Mr. Tharp is 66. Keys is 43 but looks 10 years younger.
Despite their differences, the two laughed frequently and spoke with mutual respect. This conversation couldn’t have happened 10 years ago, when Keys regarded all cops with disdain.
“People base their ideas on experience,” Keys told Sheriff Tharp. “When I was coming up, cops were the guys who would jump on you and, if you ran, beat you up. I got shot by an officer. I hated cops and the system.”
Even his mother, faced with the dilemma of many African-American parents, told Keys not to trust the police.
“Parents want their kids to respect police officers,” he said. “But they still have to warn young black men about what can happen around police.
“How do you teach your kid to respect law enforcement when you still have to tell him that they will take you out if you move the wrong way or dress a certain way? Just because a young cat has braids and sagging pants doesn’t mean he’s a drug dealer. That’s just their swag.”
Keys changed his views on law enforcement while working in the Youth Deterrent Program. Founded in 2008 by inmate Darryl Jamual Woods, the program brings troubled young men into the Detroit prison — including some from Toledo — to talk to inmates about life and choices. Through the program, Keys has met some caring and committed police officers, judges, and probation officers.
If others see similar examples, they’ll change too, Keys said.
“The most important thing is for you to get out in those streets — get active, shake hands, crack a joke, roll down the window, talk to someone about school,” he said. “You can’t just let them see that uniform but also the humanity inside.

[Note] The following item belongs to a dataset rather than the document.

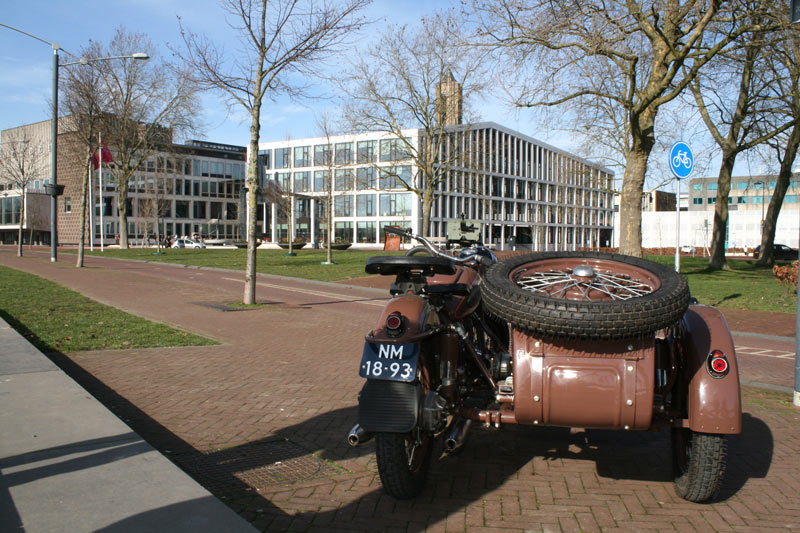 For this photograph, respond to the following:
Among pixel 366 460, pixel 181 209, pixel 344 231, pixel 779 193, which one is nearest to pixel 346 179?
pixel 779 193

“Even having some rap music on the [squad] radio will get people’s attention and break down a wall. When they have a good experience with a police officer, they’ll tell their friends and family. Starting a conversation will break down a stereotype, especially if the officer is an older white guy.”
Seeing the other side
Mr. Tharp told him that most cops care about the communities they police. He recalled an incident in the 1980s, when a Toledo boy of about 12 pointed a fake gun at Mr. Tharp’s partner — a gun both officers thought was real. Mr. Tharp said he would have been justified in shooting the young man but, instead, lunged and snatched the gun. The young man, who could have been dead, went home.
“I’m glad I did what I did,’’ Mr. Tharp said. “He was a kid, and he was clowning. I really believe incidents like that — where an officer could have shot someone but didn’t — happen thousands of times. You just never hear about it.”

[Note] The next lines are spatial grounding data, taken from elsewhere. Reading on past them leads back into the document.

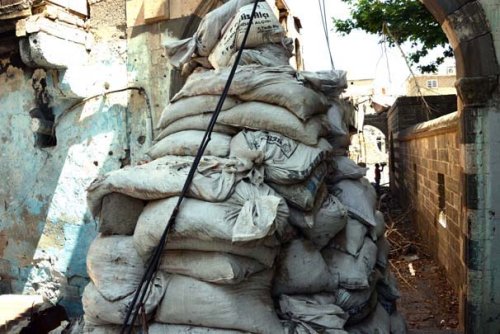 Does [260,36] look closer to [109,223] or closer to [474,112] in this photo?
[109,223]

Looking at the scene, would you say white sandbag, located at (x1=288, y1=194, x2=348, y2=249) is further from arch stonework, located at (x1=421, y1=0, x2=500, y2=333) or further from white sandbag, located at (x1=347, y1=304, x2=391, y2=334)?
arch stonework, located at (x1=421, y1=0, x2=500, y2=333)

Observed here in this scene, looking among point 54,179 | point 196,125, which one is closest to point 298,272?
point 196,125

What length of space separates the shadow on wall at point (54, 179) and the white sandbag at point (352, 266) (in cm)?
244

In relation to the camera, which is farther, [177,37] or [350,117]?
[177,37]

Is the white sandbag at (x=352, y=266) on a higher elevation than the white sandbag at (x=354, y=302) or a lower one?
higher

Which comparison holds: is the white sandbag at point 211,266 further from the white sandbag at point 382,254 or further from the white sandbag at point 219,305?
the white sandbag at point 382,254

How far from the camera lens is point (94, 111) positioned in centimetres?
396

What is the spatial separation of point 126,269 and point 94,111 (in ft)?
9.07

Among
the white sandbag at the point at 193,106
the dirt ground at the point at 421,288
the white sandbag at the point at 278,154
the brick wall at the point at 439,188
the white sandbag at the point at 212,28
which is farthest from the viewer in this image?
the brick wall at the point at 439,188

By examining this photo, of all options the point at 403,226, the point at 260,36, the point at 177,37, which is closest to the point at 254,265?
the point at 260,36

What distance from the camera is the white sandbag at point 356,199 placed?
1971 mm

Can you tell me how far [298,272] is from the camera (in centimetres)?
163

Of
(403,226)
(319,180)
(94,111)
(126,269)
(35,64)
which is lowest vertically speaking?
(403,226)

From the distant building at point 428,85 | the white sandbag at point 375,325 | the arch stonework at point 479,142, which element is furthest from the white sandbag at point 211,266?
the distant building at point 428,85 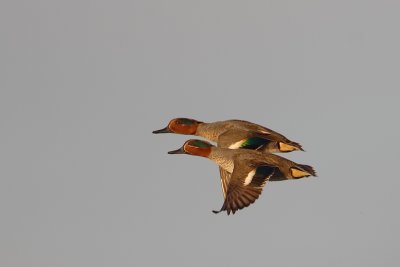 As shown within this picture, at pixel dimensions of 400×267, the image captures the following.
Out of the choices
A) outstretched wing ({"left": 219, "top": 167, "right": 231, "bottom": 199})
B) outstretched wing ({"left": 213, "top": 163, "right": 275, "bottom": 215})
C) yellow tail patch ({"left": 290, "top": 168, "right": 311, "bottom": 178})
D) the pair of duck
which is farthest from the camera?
outstretched wing ({"left": 219, "top": 167, "right": 231, "bottom": 199})

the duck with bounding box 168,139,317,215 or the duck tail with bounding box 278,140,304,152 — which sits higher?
the duck tail with bounding box 278,140,304,152

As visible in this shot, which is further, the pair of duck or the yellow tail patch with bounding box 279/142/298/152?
the yellow tail patch with bounding box 279/142/298/152

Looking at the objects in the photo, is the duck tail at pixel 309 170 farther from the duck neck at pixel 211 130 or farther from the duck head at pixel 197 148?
the duck neck at pixel 211 130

Keys nodded. “That has a lot to do with the person you are — your heart,” he said. “You didn’t have a preconceived notion that all black kids are dangerous.”
Sheriff Tharp asked Keys about a new Lucas County policy that can impose homicide-related charges for drug sellers in certain fatal overdoses.

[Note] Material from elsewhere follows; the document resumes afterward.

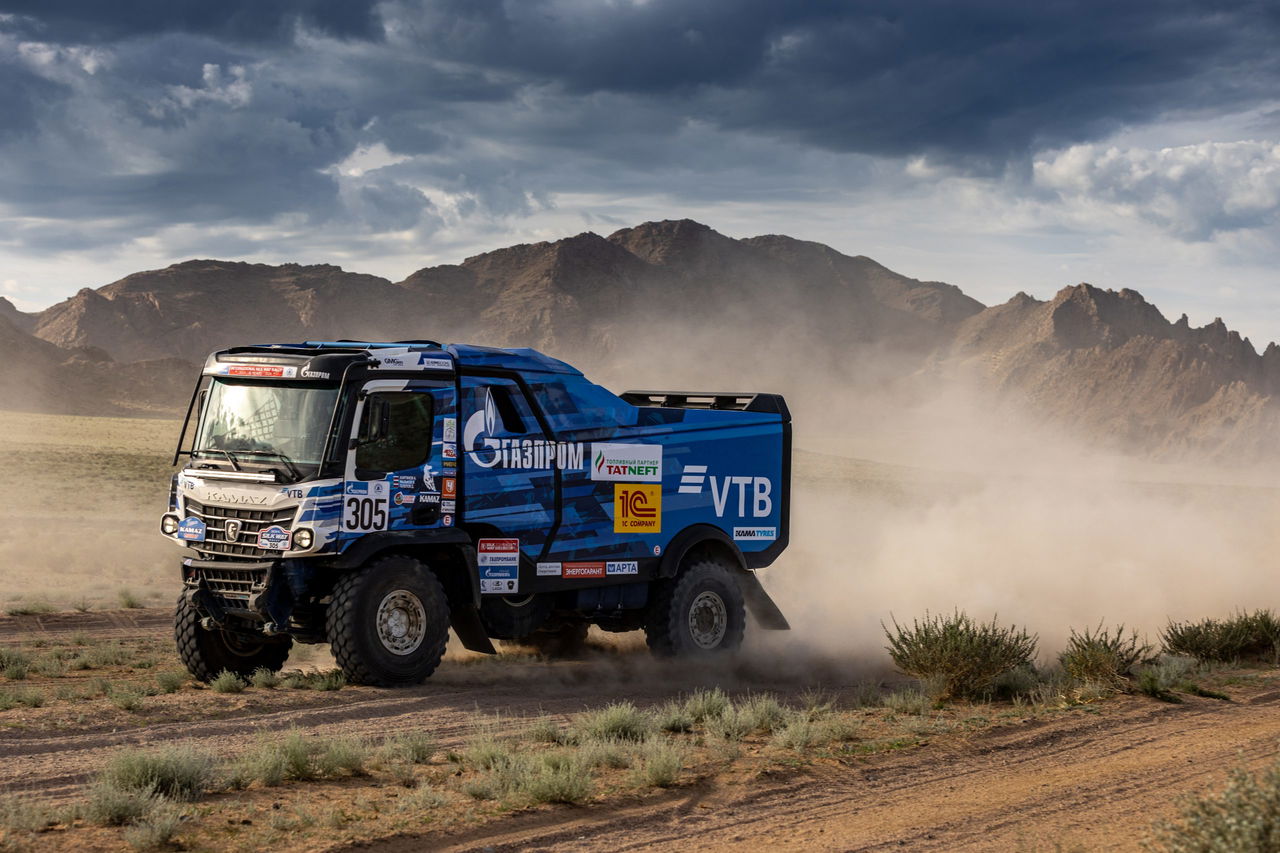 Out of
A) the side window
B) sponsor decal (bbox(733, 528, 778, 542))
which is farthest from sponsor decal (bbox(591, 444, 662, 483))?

It’s a policy I’ve opposed from the start, but Keys sided with the sheriff. It was sometimes appropriate, he said, and could deter some people from dealing. Keys said he didn’t sell heroin as a teenager because he heard of people dying from overdoses.
“If you know these drugs are killing people, you should be bagged for that,” he said. “People got to be accountable. With heroin, dealers want their stuff to knock someone out, because now the fiends [addicts] are rushing to get it.”
In prisoner re-entry programs, Keys said, police officers should work with certain ex-offenders to help parolees make a successful return to their communities. Ex-offenders, who have credibility in the street, could meet with parolees and police officers in community centers and churches and help bring the two groups together to solve problems. Once police officers earn the trust of newly released prisoners, they could even serve as mentors, taking parolees to community-service projects or helping them find jobs. A successful program called “Chance for Life” in Detroit shows it can be done.
At the end of 90 minutes, two very different men shook hands and returned to two very different worlds. But for more than an hour they listened to, and learned from, each other. Despite what you see on television, conversations like this can still happen in America. Even in the shadow of Ferguson, Staten Island, and Beavercreek, that should give us all hope.
Jeff Gerritt is The Blade’s deputy editorial page editor.